| by Meera Mahadeo |
I frequently think back to the time that I told an attorney that I had interest in becoming a lawyer. At eleven years old, I confidently declared that being a lawyer was the right path for me and eagerly waited for what I hoped would be an encouraging reply.
He lowered his voice and said “being a lawyer is a tough place for a woman. There are a lot of late nights, what’s going to happen to your marriage? And what about kids? It’s extremely difficult for a woman to maintain a home whilst being a lawyer. And with all those late nights, there is ample chance for you to be taken advantage of and sexually assaulted. Why worry your pretty little head? Pick something less stressful.”
I was stunned with his reply. At eleven years old, the first concerns that were being thrown my way were already classifying me into a role where I was expected to consider being a wife and a mother before my own career. Even scarier, is that I was told by choosing a career with late working hours I was making myself available for the possibility of such assaults.
Unfortunately, this conversation is of a similar variation to what most girls experience at some point in their lives. When we are young, we believe that we can be anything that we want to be. We played imaginary games where we wore capes and were the heroes to our own stories. We would play pretend and dreamed of doing the unimaginable, from going to the moon, being a scientist who developed a cure for cancer, or even running a marathon.
But as we get older, the boundaries change and instead we are judged by society for pursuing the things that we enjoy, no matter how traditional or unconventional they may be. We are judged for our bodies, abilities, ambitions, and the preconceived notion that our gender somehow affects our ability to succeed in doing such things.

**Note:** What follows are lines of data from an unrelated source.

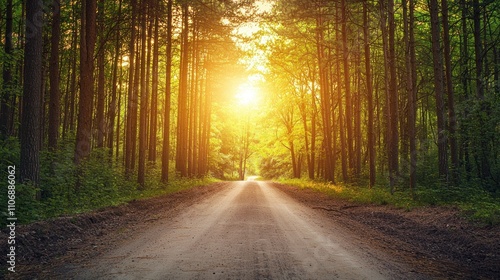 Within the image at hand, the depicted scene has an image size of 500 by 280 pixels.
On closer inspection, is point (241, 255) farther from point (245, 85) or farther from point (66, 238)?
point (245, 85)

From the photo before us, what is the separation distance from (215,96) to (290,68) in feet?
38.3

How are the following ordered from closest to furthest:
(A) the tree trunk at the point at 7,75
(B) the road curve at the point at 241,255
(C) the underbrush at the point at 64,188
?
(B) the road curve at the point at 241,255 < (C) the underbrush at the point at 64,188 < (A) the tree trunk at the point at 7,75

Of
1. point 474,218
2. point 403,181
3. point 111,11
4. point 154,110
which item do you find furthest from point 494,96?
point 111,11

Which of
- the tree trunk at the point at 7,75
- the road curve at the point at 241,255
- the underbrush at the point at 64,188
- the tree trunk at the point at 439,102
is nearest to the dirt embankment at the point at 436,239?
the road curve at the point at 241,255

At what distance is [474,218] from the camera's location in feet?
29.7

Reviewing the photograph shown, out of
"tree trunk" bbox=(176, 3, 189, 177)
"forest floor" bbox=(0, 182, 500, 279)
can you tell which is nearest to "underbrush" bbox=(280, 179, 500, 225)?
"forest floor" bbox=(0, 182, 500, 279)

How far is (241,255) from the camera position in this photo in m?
6.02

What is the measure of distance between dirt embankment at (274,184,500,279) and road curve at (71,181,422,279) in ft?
2.40

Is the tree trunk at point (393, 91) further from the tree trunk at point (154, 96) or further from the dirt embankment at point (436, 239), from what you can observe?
the tree trunk at point (154, 96)

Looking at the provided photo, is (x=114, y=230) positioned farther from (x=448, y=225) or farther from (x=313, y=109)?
(x=313, y=109)

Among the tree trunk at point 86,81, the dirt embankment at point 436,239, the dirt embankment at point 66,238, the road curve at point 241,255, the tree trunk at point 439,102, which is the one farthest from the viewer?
the tree trunk at point 86,81

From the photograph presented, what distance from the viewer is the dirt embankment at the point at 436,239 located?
20.1 ft

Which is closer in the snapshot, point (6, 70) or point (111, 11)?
point (6, 70)

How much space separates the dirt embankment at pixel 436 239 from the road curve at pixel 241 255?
28.8 inches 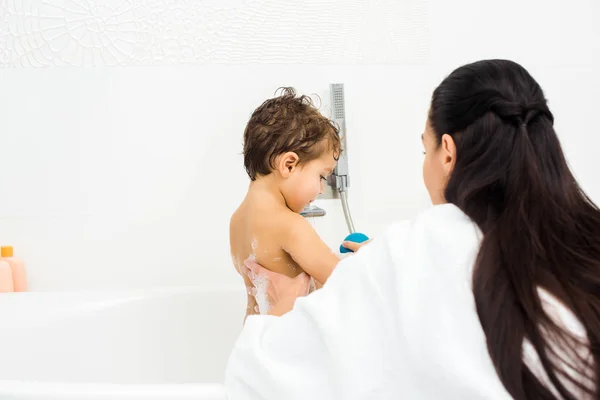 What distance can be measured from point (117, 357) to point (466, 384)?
4.27ft

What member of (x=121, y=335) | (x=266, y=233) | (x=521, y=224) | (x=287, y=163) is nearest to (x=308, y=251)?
(x=266, y=233)

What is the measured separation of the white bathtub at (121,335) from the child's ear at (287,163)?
1.60 feet

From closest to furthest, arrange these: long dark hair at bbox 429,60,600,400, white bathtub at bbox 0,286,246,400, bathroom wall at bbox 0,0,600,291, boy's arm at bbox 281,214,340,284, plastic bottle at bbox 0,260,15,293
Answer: long dark hair at bbox 429,60,600,400 → boy's arm at bbox 281,214,340,284 → white bathtub at bbox 0,286,246,400 → plastic bottle at bbox 0,260,15,293 → bathroom wall at bbox 0,0,600,291

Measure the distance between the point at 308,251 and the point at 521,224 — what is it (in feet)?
2.51

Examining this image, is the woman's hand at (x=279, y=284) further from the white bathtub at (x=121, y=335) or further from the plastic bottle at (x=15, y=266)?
the plastic bottle at (x=15, y=266)

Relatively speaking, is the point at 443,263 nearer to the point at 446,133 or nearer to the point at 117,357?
the point at 446,133

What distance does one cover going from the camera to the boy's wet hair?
4.99 feet

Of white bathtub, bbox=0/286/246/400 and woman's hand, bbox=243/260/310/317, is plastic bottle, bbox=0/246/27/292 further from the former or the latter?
woman's hand, bbox=243/260/310/317

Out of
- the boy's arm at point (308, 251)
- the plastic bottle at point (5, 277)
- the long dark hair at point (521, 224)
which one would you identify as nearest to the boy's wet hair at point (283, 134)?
the boy's arm at point (308, 251)

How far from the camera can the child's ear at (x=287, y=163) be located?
59.5 inches

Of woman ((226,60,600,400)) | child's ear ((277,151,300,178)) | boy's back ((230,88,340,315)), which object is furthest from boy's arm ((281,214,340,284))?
woman ((226,60,600,400))

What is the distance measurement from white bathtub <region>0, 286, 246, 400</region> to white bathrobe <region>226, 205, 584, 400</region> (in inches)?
33.8

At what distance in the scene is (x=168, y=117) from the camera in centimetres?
205

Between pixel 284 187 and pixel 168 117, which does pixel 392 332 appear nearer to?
pixel 284 187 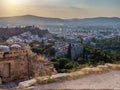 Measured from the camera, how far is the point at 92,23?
609 ft

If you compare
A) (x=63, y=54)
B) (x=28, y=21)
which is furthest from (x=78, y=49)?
(x=28, y=21)

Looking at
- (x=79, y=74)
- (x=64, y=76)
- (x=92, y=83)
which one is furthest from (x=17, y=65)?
(x=92, y=83)

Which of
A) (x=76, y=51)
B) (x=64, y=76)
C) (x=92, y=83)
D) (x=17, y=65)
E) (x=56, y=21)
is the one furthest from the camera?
(x=56, y=21)

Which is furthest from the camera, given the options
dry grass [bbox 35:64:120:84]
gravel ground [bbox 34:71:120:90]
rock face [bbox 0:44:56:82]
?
rock face [bbox 0:44:56:82]

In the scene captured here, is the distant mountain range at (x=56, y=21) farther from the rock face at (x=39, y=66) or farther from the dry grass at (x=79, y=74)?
the dry grass at (x=79, y=74)

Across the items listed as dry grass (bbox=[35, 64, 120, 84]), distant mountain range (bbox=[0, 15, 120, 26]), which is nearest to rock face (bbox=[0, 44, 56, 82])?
dry grass (bbox=[35, 64, 120, 84])

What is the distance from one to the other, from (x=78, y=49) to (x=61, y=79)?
33949 millimetres

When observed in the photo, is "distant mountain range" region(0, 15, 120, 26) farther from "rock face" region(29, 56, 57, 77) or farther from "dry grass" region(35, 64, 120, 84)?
"dry grass" region(35, 64, 120, 84)

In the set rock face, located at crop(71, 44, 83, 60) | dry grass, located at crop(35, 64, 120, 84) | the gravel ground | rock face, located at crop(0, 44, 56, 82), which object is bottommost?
rock face, located at crop(71, 44, 83, 60)

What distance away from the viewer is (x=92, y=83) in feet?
17.0

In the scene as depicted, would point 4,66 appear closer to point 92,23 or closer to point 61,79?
point 61,79

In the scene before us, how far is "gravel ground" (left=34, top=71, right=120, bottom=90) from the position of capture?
492cm

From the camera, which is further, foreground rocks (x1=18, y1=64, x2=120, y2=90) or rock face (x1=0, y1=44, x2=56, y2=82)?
rock face (x1=0, y1=44, x2=56, y2=82)

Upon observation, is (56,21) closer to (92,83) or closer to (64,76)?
(64,76) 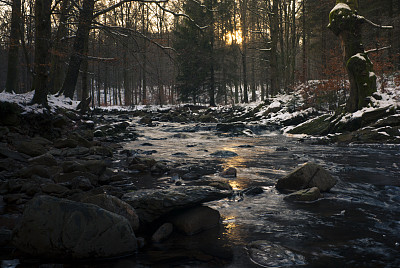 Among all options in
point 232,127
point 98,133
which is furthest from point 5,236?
point 232,127

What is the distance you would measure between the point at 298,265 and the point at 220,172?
3948 mm

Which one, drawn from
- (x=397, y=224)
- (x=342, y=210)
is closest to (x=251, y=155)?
(x=342, y=210)

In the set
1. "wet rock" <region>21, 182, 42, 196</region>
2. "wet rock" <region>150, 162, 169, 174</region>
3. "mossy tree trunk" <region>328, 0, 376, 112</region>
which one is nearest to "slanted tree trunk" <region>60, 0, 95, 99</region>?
"wet rock" <region>150, 162, 169, 174</region>

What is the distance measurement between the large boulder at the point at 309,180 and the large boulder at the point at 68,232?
3.24 metres

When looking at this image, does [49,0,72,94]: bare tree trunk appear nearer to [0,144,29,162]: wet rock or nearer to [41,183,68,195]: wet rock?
[0,144,29,162]: wet rock

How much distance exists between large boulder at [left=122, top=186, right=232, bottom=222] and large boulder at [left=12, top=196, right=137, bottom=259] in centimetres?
68

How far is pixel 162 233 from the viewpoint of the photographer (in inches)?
135

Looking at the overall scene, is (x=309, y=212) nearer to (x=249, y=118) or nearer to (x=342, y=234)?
(x=342, y=234)

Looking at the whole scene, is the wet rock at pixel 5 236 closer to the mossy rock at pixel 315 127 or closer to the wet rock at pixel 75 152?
the wet rock at pixel 75 152

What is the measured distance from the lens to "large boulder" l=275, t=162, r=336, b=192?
5.17 m

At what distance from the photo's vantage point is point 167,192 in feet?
12.7

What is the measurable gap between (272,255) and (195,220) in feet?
3.36

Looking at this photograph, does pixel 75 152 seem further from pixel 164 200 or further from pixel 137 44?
pixel 164 200

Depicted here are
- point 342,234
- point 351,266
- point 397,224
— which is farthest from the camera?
point 397,224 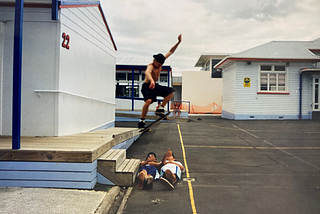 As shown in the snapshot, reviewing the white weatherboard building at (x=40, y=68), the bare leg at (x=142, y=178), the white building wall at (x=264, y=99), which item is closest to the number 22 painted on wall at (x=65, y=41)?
the white weatherboard building at (x=40, y=68)

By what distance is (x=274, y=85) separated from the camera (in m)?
16.7

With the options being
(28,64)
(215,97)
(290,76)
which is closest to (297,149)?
(28,64)

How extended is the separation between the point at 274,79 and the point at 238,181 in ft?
47.5

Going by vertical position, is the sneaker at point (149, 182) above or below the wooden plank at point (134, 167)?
below

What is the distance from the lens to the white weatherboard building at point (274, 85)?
16406mm

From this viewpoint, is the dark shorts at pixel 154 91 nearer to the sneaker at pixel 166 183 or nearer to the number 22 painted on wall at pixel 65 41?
the sneaker at pixel 166 183

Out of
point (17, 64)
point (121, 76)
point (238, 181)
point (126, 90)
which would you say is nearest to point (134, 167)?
point (238, 181)

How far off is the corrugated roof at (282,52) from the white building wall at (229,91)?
1207 millimetres

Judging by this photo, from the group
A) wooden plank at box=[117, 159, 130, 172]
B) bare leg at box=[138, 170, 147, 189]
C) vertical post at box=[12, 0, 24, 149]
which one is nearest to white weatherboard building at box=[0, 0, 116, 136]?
vertical post at box=[12, 0, 24, 149]

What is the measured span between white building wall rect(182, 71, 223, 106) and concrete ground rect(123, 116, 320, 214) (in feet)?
48.0

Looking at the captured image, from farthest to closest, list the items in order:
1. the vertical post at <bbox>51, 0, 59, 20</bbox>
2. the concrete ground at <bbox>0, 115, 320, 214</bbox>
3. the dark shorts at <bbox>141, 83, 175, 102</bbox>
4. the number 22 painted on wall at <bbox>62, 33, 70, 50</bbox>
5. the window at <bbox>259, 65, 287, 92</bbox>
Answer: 1. the window at <bbox>259, 65, 287, 92</bbox>
2. the number 22 painted on wall at <bbox>62, 33, 70, 50</bbox>
3. the vertical post at <bbox>51, 0, 59, 20</bbox>
4. the dark shorts at <bbox>141, 83, 175, 102</bbox>
5. the concrete ground at <bbox>0, 115, 320, 214</bbox>

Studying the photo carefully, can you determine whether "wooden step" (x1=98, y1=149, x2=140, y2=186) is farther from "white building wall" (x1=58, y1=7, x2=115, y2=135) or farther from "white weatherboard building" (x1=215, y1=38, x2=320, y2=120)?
"white weatherboard building" (x1=215, y1=38, x2=320, y2=120)

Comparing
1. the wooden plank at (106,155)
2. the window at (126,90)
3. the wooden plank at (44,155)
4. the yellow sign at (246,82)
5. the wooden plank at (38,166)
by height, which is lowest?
the wooden plank at (38,166)

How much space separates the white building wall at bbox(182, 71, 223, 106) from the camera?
2242 cm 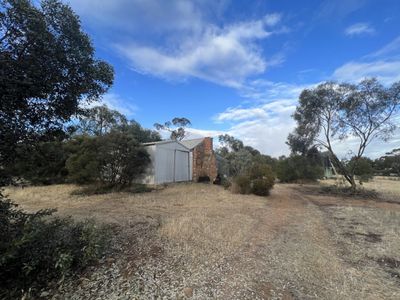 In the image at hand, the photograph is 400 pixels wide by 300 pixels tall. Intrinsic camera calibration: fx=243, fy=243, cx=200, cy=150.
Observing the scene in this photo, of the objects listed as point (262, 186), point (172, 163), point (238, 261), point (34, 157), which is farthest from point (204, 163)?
point (34, 157)

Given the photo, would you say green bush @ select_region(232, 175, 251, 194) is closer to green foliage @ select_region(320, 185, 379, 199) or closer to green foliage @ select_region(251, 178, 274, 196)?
green foliage @ select_region(251, 178, 274, 196)

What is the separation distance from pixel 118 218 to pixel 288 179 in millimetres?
22278

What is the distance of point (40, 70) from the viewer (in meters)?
3.32

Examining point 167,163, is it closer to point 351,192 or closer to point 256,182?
point 256,182

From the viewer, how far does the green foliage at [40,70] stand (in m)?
3.11

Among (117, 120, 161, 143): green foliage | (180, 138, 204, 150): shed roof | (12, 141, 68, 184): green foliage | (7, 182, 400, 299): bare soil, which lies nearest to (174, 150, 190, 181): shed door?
(180, 138, 204, 150): shed roof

As I grew older, instead of listening to that lawyer, I decided to go study an even more aggressive field: politics. As a politics undergrad, there are many late nights and I still face backlash when people learn of my field of study. The words: difficult, aggressive, and harsh consistently appear before me by other people critical of a woman’s role in such a field.
I’ll never forget the first time I decided to answer a question in my first politics lecture. I confidently gave my answer, only to be rejected by my professor. Shortly after, a boy sitting in the row above me answered the question with theexact same answer. With a huge smile, the professor praised his cleverness as the rest of the class chuckled at his dismissal of my own.
I learned that day that I was going to have to work harder than my male classmates to have my work recognized in this field of study. This is just a small example of the challenges that many female students experience on a day to day basis, regardless of their faculty. The same prejudice can even be seen against female professors; when a male professor is stern and sarcastic, he’s regarded as “a boss” by his students. Yet, when a female professor displays the same behaviour, she is called derogatory names and has her authority questioned. When women are confident, and commanding we are perceived to be bossy and harsh, but when a man displays the same behaviour, his voice is deemed worthy of attention.
As a result, we continue to keep fighting. We stand taller, work a little harder, and stay persistent in pursuing our endeavours. In the Queen’s community, there are women young and old who fight every day for their work to be equally recognized and it is imperative that we support one another. I look up to those female professors who through their work, break barriers every day and continue to inspire the young women that they teach.
Whether we dream of starting a business one day, or of being role-models to our family’s, a woman should have the choice to pursue whatever her calling is without being told where her place is or being judged for it. To quote Beyoncé, “I’m not bossy, I’m just the boss.” As we embark on this journey, from our education to our careers, we must put our imaginary capes back on and keep moving the dialogue forward, regardless of the challenges around us. After all, every woman has the potential to be the hero in her own story.